Pada hari ini, Golkar mencalonkan Gibran Rakabuming, kader PDIP dan putra sulung Presiden Joko Widodo, sebagai calon wakil presiden pendamping Prabowo Subianto. Sebelumnya, Golkar juga telah memastikan dukungannya untuk Prabowo sebagai calon presiden. Sebagai informasi, Prabowo merupakan Ketua Umum Partai Gerindra.
Najmuddin mengingatkan bahwa terakhir kali kader Golkar maju dalam pemilihan presiden adalah pada Pemilu 2009 saat Jusuf Kalla mencalonkan diri sebagai calon presiden. Saat itu, JK berpasangan dengan Ketua Umum Hanura, Wiranto.
Namun, pada Pemilu 2014, Golkar yang dipimpin oleh Aburizal Bakrie gagal mengusung kader internal Golkar sebagai calon presiden. Mereka justru mendukung Prabowo yang saat itu berpasangan dengan Ketua Umum PAN, Hatta Rajasa.
Pada Pemilu 2019, Golkar memutuskan untuk bergabung dalam koalisi pendukung Joko Widodo dan Ma’ruf Amin. Jokowi sendiri merupakan kader PDIP sementara Ma’ruf mewakili ulama dan ormas Nahdlatul Ulama.

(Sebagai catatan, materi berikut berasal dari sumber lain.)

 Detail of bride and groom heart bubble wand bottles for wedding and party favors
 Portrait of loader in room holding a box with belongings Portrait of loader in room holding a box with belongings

Menurut Najmuddin, dalam Pemilu 2024, seharusnya Golkar menonjolkan kader-kadernya sebagai calon presiden atau calon wakil presiden. Namun, hal itu tidak dapat dilakukan oleh Golkar. Calon presiden yang digadang-gadang oleh Golkar sebelumnya, yaitu Ketua Umum Airlangga Hartarto, tidak mampu meningkatkan elektabilitasnya untuk bersaing dengan Prabowo, Ganjar Pranowo, dan Anies Baswedan.
Begitu juga dengan calon wakil presiden, Golkar tidak memiliki daya tawar dibandingkan dengan kandidat-kandidat lain yang beredar. “Ini adalah kegagalan dalam kaderisasi Golkar. Padahal selama ini kita tahu Golkar adalah partai kader,” ujar Najmuddin.

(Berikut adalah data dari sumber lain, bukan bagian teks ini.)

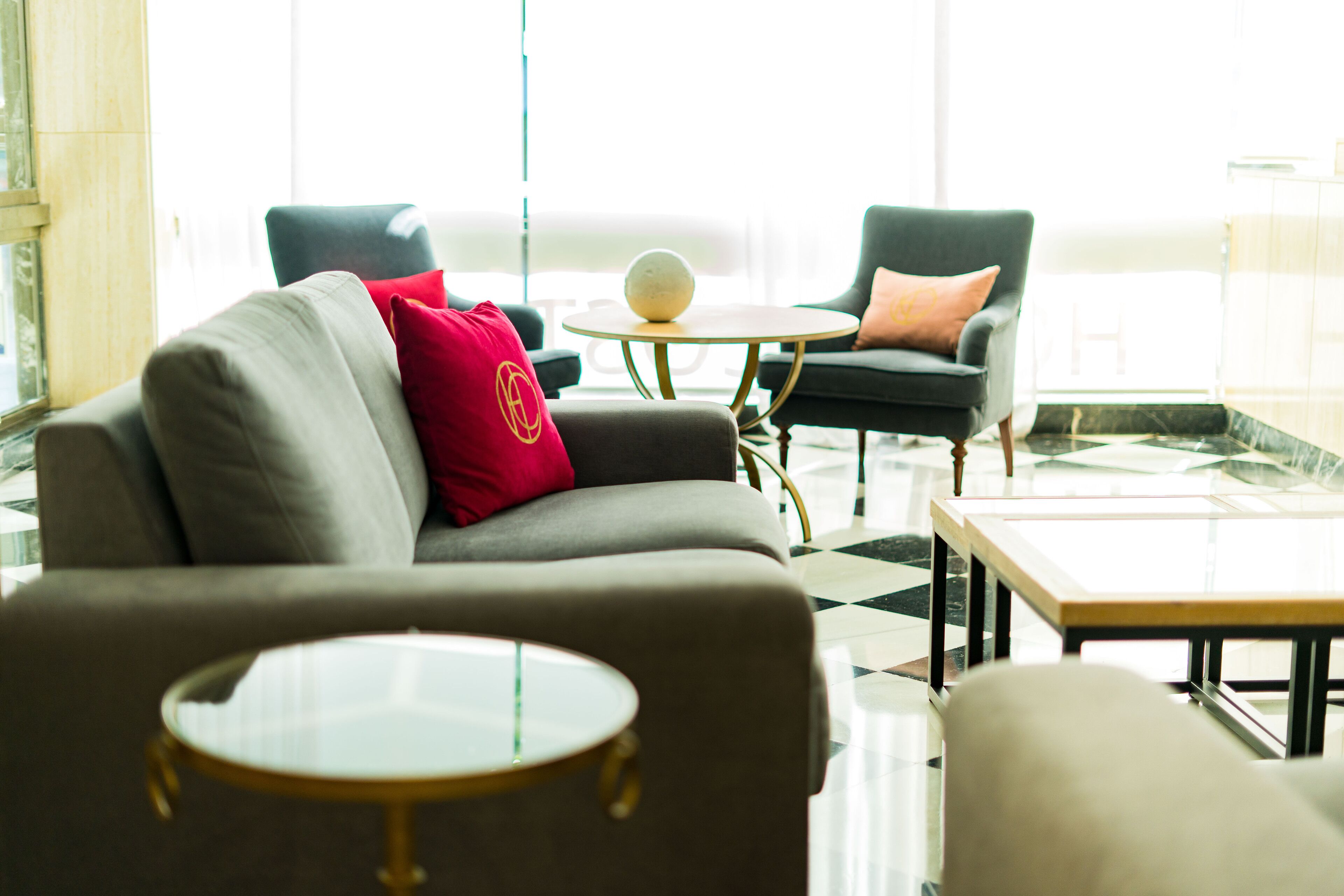 Un vestíbulo moderno con un sofá gris, dos sillones, una mesa redonda y un suelo a cuadros.
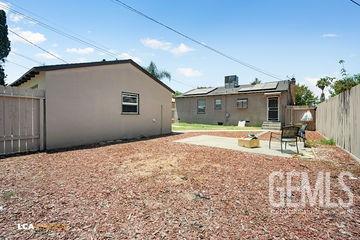 back of property featuring a patio area, roof mounted solar panels, a fenced backyard, and stucco siding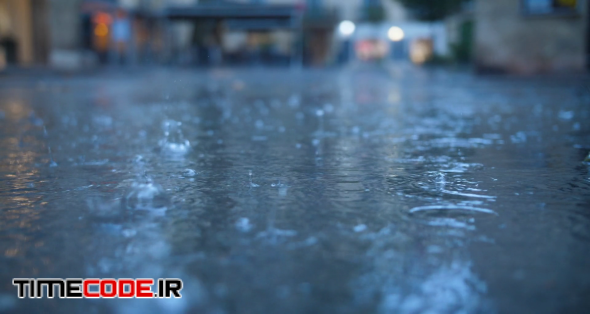 Rain drops in Montpellier streets close up view France slow motion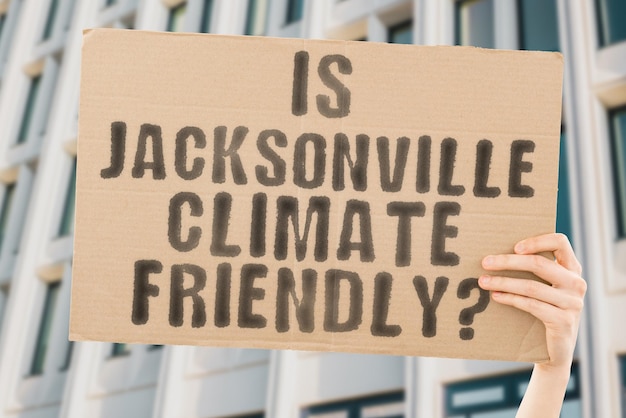 Die Frage, ob Jacksonville klimafreundlich ist, steht auf einem Banner in den Händen von Männern mit verschwommenem Hintergrund. Support Team Aktivist Städtischer Sonnenuntergang Kohlenstoffökologie Energie Neu Sauber Erwärmung Abfall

Najmuddin juga mengingatkan bahwa pada Pemilu 2004, Golkar harus mengadakan konvensi internal partai untuk mencalonkan calon presiden. Hal ini karena terlalu banyak kader potensial yang ingin maju sebagai calon presiden. Peserta konvensi Golkar pada 2004 antara lain Akbar Tanjung, Wiranto, Surya Paloh, Prabowo Subianto, dan Tommy Soeharto.
Menurut Najmuddin, nama-nama yang ikut konvensi Golkar pada 2004 sekarang sudah menjadi figur penting dalam panggung politik nasional selama beberapa dekade terakhir, meskipun mereka sudah terafiliasi dengan partai masing-masing.
“Dulu Golkar begitu kaya dengan kader-kader hebat. Sekarang mereka tidak dapat mengusung calon presiden atau calon wakil presiden,” tambah Najmuddin.